In het kader van de ondertoezichtstelling heeft de moeder de opdracht gekregen het huis te meubileren, voor een mobiele telefoon voor [minderjarige] te zorgen en mee te werken aan de inzet van [jeugdhulp] voor gezinsdiagnostiek, ouderschapsbemiddeling en ambulante hulpverlening om de zorgen te doen afnemen, maar hieraan heeft de moeder onvoldoende meegewerkt. Dit is ook reden geweest voor de GI om dit middels een schriftelijke aanwijzing af te dwingen. De moeder heeft hierop – pas – in april 2023 actie ondernomen door een intake bij [jeugdhulp] te regelen, die eigenlijk in februari moest plaatsvinden. Volgens [jeugdhulp] maakte de moeder bij de intake een verwarde indruk en ziet zij de zorgen rondom [minderjarige] niet, waardoor de opdracht is teruggegeven. De moeder heeft verzocht om andere jeugdbeschermers, maar dat verzoek is niet gehonoreerd, omdat het voor [minderjarige] al lastig is om te praten met hulpverleners en omdat het zou leiden tot veel informatieverlies. De jeugdbeschermers hebben eerder met [minderjarige] gesproken en zij zagen een zeer gespannen en gesloten meisje, die vragen probeerde te ontwijken. [minderjarige] heeft zichtbaar veel last van de strijd tussen ouders. De GI heeft het verzoek niet met [minderjarige] besproken, om haar niet vroegtijdig te belasten.
Volgens de GI is een uithuisplaatsing bij de vader noodzakelijk omdat de moeder niet mee werkt met de jeugdbeschermers of het ingezette hulpverleningstraject en er geen zicht is op [minderjarige] en haar welzijn. De jeugdbeschermers, de vader en de school van [minderjarige] zien de zorgen over [minderjarige] toenemen. De GI vindt het in het belang van [minderjarige] dat zij zo snel mogelijk een stabiele, veilige opvoedingsomgeving krijgt en vindt de thuissituatie bij de vader daarvoor de aangewezen plek. Vanuit daar kan ook gezinsdiagnostiek worden opgepakt. De GI zal zich, eerst na twee begeleide contactmomenten, inzetten voor een contactregeling tussen de moeder en [minderjarige] . Tijdens die begeleide contactmomenten wordt bekeken of en hoe [minderjarige] door de moeder wordt belast na de machtiging uithuisplaatsing, omdat dit ook voor de moeder een grote verandering met zich meebrengt.

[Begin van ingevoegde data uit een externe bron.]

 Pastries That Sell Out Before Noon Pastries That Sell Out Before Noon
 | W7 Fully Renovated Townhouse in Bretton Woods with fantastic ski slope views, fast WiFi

Desgevraagd heeft de GI naar voren gebracht de benoeming van een bijzondere curator, onder aanhouding van (een deel van) het verzoek, op dit moment niet zinvol te vinden. [minderjarige] , maar ook de GI, heeft goed contact met de intern begeleider op school, maar zij blijft echter gesloten als het gaat over de thuissituatie, ook bij mensen die zij vertrouwt.